So how do the A bits get set/cleared? Like this:
When the program starts, all the global data areas are marked as accessible.
When the program does
malloc/new,
the A bits for exactly the area allocated, and not a byte more,
are marked as accessible. Upon freeing the area the A bits are
changed to indicate inaccessibility.
When the stack pointer register (SP) moves
up or down, A bits are set. The rule is that the area from
SP up to the base of the stack is marked as
accessible, and below SP is inaccessible. (If
that sounds illogical, bear in mind that the stack grows down, not
up, on almost all Unix systems, including GNU/Linux.) Tracking
SP like this has the useful side-effect that the
section of stack used by a function for local variables etc is
automatically marked accessible on function entry and inaccessible
on exit.
When doing system calls, A bits are changed appropriately.
For example, mmap
magically makes files appear in the process'
address space, so the A bits must be updated if mmap
succeeds.
Optionally, your program can tell Memcheck about such changes explicitly, using the client request mechanism described above.

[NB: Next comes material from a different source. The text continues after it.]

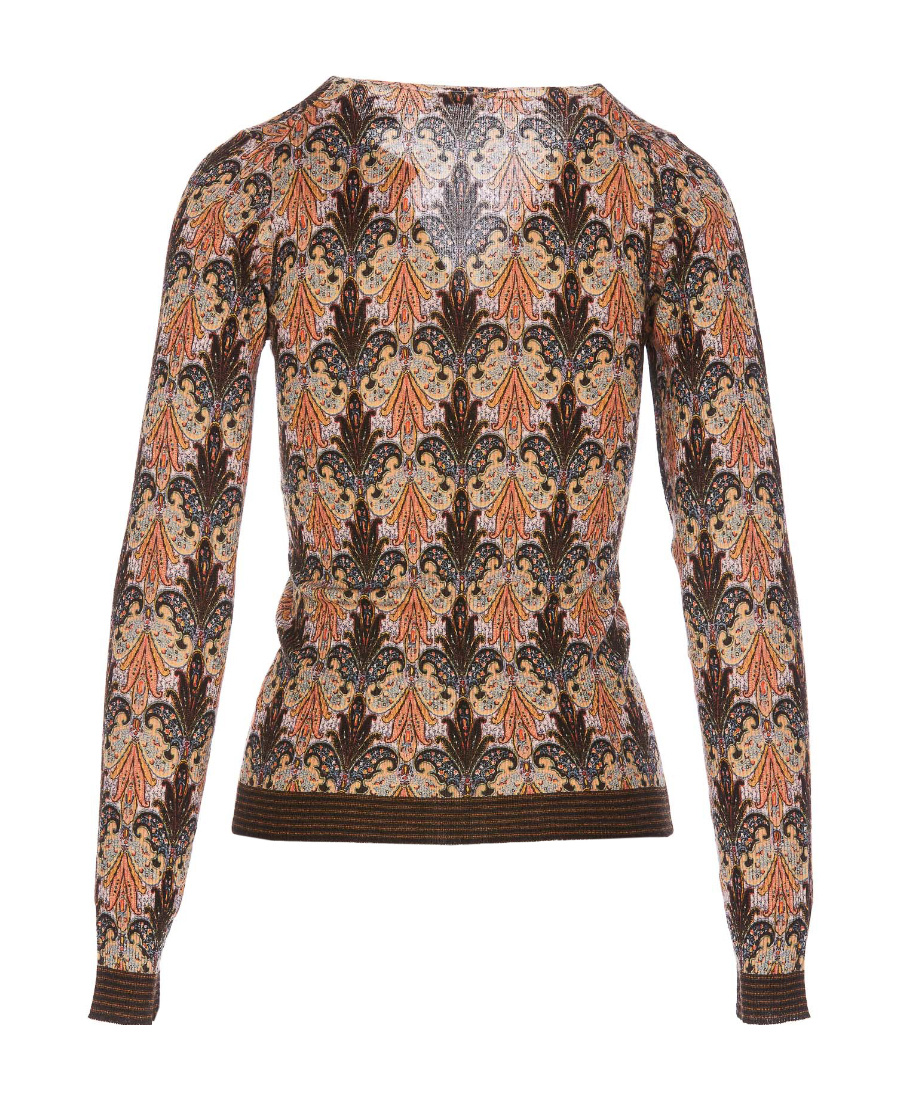 Etro Printed Wool Jumper In Brown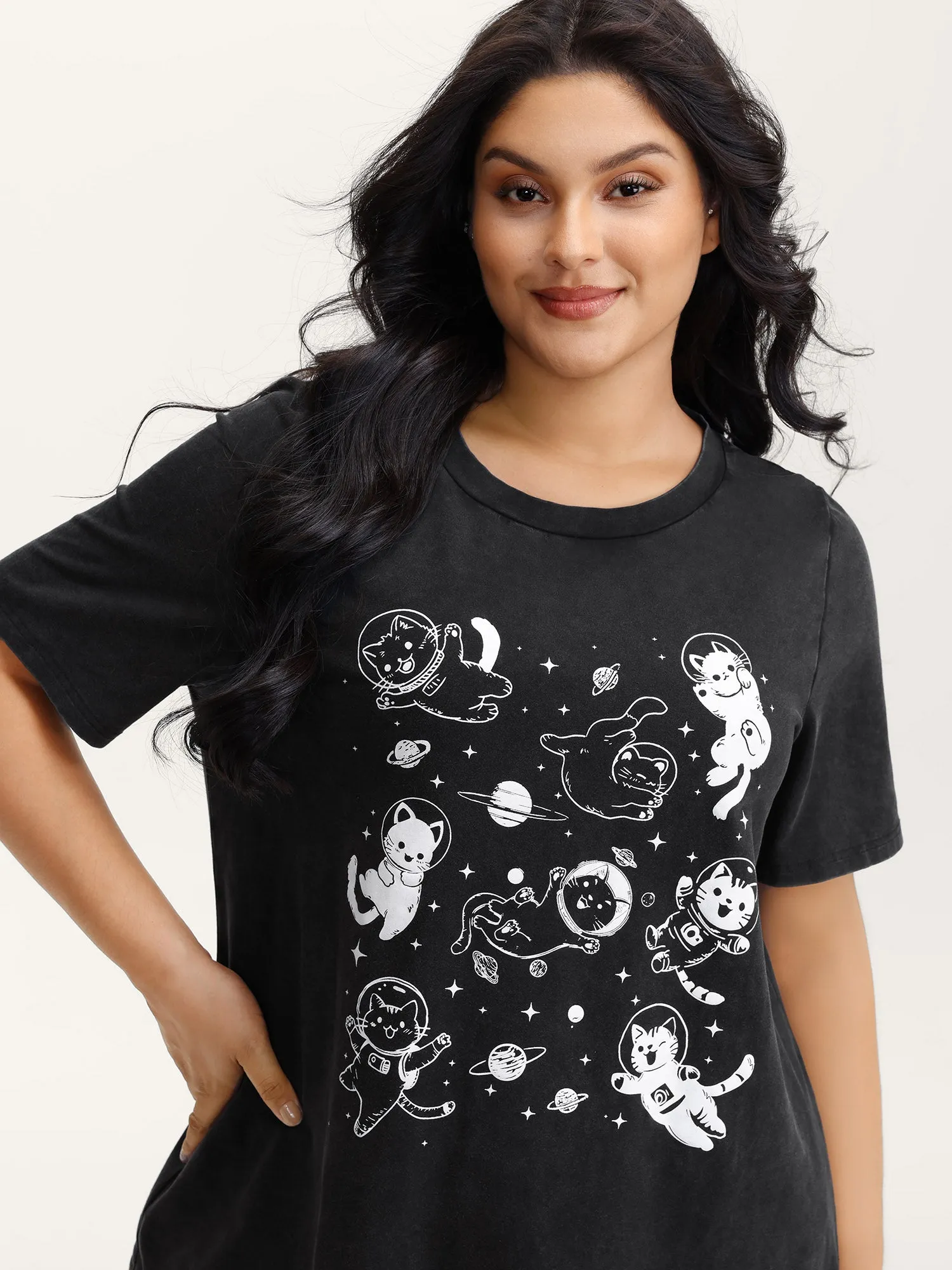 Pure Cotton Astronomer Cat Print T-Shirt sold by Bloomchic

Memcheck's checking machinery can be summarised as follows:
Each byte in memory has 8 associated V (valid-value) bits, saying whether or not the byte has a defined value, and a single A (valid-address) bit, saying whether or not the program currently has the right to read/write that address. As mentioned above, heavy use of compression means the overhead is typically around 25%.
When memory is read or written, the relevant A bits are consulted. If they indicate an invalid address, Memcheck emits an Invalid read or Invalid write error.
When memory is read into the CPU's registers, the relevant V bits are fetched from memory and stored in the simulated CPU. They are not consulted.
When a register is written out to memory, the V bits for that register are written back to memory too.
When values in CPU registers are used to generate a memory address, or to determine the outcome of a conditional branch, the V bits for those values are checked, and an error emitted if any of them are undefined.
When values in CPU registers are used for any other purpose, Memcheck computes the V bits for the result, but does not check them.
Once the V bits for a value in the CPU have been checked, they are then set to indicate validity. This avoids long chains of errors.
When values are loaded from memory, Memcheck checks the A bits for that location and issues an illegal-address warning if needed. In that case, the V bits loaded are forced to indicate Valid, despite the location being invalid.
This apparently strange choice reduces the amount of confusing information presented to the user. It avoids the unpleasant phenomenon in which memory is read from a place which is both unaddressable and contains invalid values, and, as a result, you get not only an invalid-address (read/write) error, but also a potentially large set of uninitialised-value errors, one for every time the value is used.
There is a hazy boundary case to do with multi-byte loads from
addresses which are partially valid and partially invalid. See
details of the option --partial-loads-ok for details.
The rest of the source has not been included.